The earliest recorded cases of HFMD in Asia are from Japan (1967),³⁰ Singapore (1970),³¹ Taiwan (1980)³² and Shanghai, China (1981).³³ Since then, outbreaks have been reported in many parts of Asia, including mainland China,^{12–14,33–52} Korea,^53–55 Japan,^56–70 Taiwan,^6,69,71–74 Hong Kong,^17,18,75 India,^76–81 Thailand,^21,23,82 Vietnam,²⁴ Malaysia,^{26,69,83–87} Singapore^4,88 and Brunei,⁸⁹ as summarized in Figure 3. These reported outbreaks are unlikely to reflect the true first outbreaks of HFMD, as serologic studies provide evidence that by the time surveillance systems were established, EV-A71 and CV-A16 were already endemic in many of these countries. Early serologic tests conducted in Japan in 1970 show evidence of EV-A71 and CV-A16 circulation.⁹⁰ Serum taken in the late 1990s in Singapore, before the start of surveillance in 2000, shows that around 50% children and 44% cord blood, indicating maternal infection, had already seroconverted to EV-A71.⁹¹ Blood samples from Taiwan (1989–1997) show 3%–11% EV-A71 incidence per year, and up to 68% of children⁹² had serologic evidence of EV-A71 infection before the large HFMD outbreak of 1997. Similarly, although China has reported millions of HFMD cases since the beginning of the HFMD surveillance program in 2008, evidence from Anhui⁴⁷ shows high seroprevalence of up to 74.6% in older children before the 2008 outbreaks. Retrospective seroepidemiologic tests from blood serum collected in 2005⁹³ also show that China had positive rates of 32.0% to EV-A71 and 43.4% to CV-A16, indicating that outbreaks happened earlier but were simply not reported in the literature.

FIGURE 3.

Historical establishment of HFMD in Asia. Dots represent a reported outbreak in that year, with the main causal agent written below. Boxes with right arrow indicate endemicity of HFMD, evidenced by repeated reporting of HFMD. Boxes with left arrow indicate seroepidemiologic evidence that the pathogen is already in existence, even if no significant outbreaks were documented previously. Triangles indicate the point where data on HFMD started to be collected systematically, for example, through government surveillance. The length of the left arrows are arbitrary as there is no way to know how long has HFMD been circulating before the tests.

Risk Factors

Risk factors for infection are depicted in Figure 4 (Appendix 2) and summarized below.

FIGURE 4.

Excerpts from studies on risk factors. Ruan et al case-control study in Qiaosi,⁹⁴ China, was conducted by taking 273 diagnosed HFMD/herpangina as cases (6 years of age or younger) and 273 stratified random sample as controls. Park et al case-control study uses hospital cases of enteroviral aseptic meningitis (n = 205) and HFMD (n = 116), and nonenteroviral disease controls (n = 170). Their case-crossover design uses only cases. 1–7 days before admission was set as the hazard period, and 22–28 days prior to admission was set as the nonhazard period. Both studies gather data via questionnaires. White points indicate nonadjusted ORs, black points indicate adjusted OR. For the effect of sex (bottom right), confidence intervals are omitted from complete case notifications, and colored gray and white alternately for visual distinction.

Hygiene

Evidence from Qiaosi, China,⁹⁴ indicates the importance of hygiene for protection against HFMD infection. Children who always wash their hands before meals are about 50 times less likely to contract HFMD, while those whose caregivers wash their hands before feeding are about 25 times less likely. Additional protective habits include washing of hands after play, washing of hands more than 4 times per day, using soap, and not sucking fingers.
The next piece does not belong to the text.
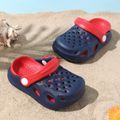 Toddler / Kid Two Tone Colorblock Hole Shoes Beach Shoes Navy image 1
A study in Korea⁹⁵ revealed that drinking unboiled water [odds ratio (OR): 3.34 (1.59–6.99)], a change in water quality such as color, taste, smell, presence of precipitation or floating materials [OR: 6.93 (2.17–22.15)], using communal toilets/toilets outside the house [OR: 2.77 (1.14–6.74)] and eating outside the home [OR: 37.0 (5.1–269.5)] were risk factors for HFMD.

Rural Versus Urban Areas

All papers^51,96–98 that compared urban with rural areas agreed that the latter conferred a higher risk for HFMD. However, this might be confounded by socioeconomic status and hygiene practices.

Sex

Although most papers show that being male is a risk factor for both mild^{4,14,16,23,27,34,37,51,82,98–101} and severe^{52,97,102,103} HFMD (OR ranges between 1.2 and 2), surprisingly, serologic evidence does not support this finding: A study from Singapore¹⁰⁴ shows marginal evidence that females are more likely to have seroconverted to EV-A71 [OR: 0.79 (0.61–1.01)], while a Taiwanese⁹⁶ study shows no statistically significant differences [OR: 0.94 (0.76–1.16)]. Taken together, these suggest that infection rates are comparable, but that boys are more likely to develop symptoms, more involved in propagation of outbreaks or more likely to be brought for medical care than girls.

Other

A case–control study in Xi’an, China,⁹⁷ found that breastfeeding may lower the risk of developing severe HFMD [adjusted OR: 0.57 (0.33–0.98)], even though breastfeeding does not apparently lower the chance of being infected by EV-A71 [OR: 1.1 (0.93–1.3)].⁹⁶ It further found that patients with a history of Epstein–Barr virus are at greater risk of contracting severe, rather than mild, HFMD [adjusted OR: 2.6 (1.5–4.4)]. A spatial-temporal model of Guangdong¹⁴ showed that sunshine could be protective against HFMD. This is agreed by a matched case-control study of preschoolers in Beijing,⁴¹ which showed that UV radiation in classrooms is associated with lower HFMD attack rate (P value of 0.027), and recommended installing UV lamps to sterilize unoccupied classrooms. These findings are, however, inconsistent with the seasonal nature of HFMD, where outbreaks in temperate countries tend to occur in summer, when sunlight and UV exposure are strongest.

Age Distribution of HFMD Cases

The age distribution of HFMD cases in Asia, compiled from a variety of sources including surveillance and cohort data, is summarized in Figure 5. Data from China^{12–14,34,49–52,94,100–103,105–107} and Taiwan^{5,6,73,108–111} are particularly abundant. Other sources include Hong Kong,^17,18 India,^76,80 Japan,^56,112 Korea,^54,95 Malaysia,^84,113 Singapore,^4,27,88 Thailand^22,23 and Vietnam.²⁴

FIGURE 5.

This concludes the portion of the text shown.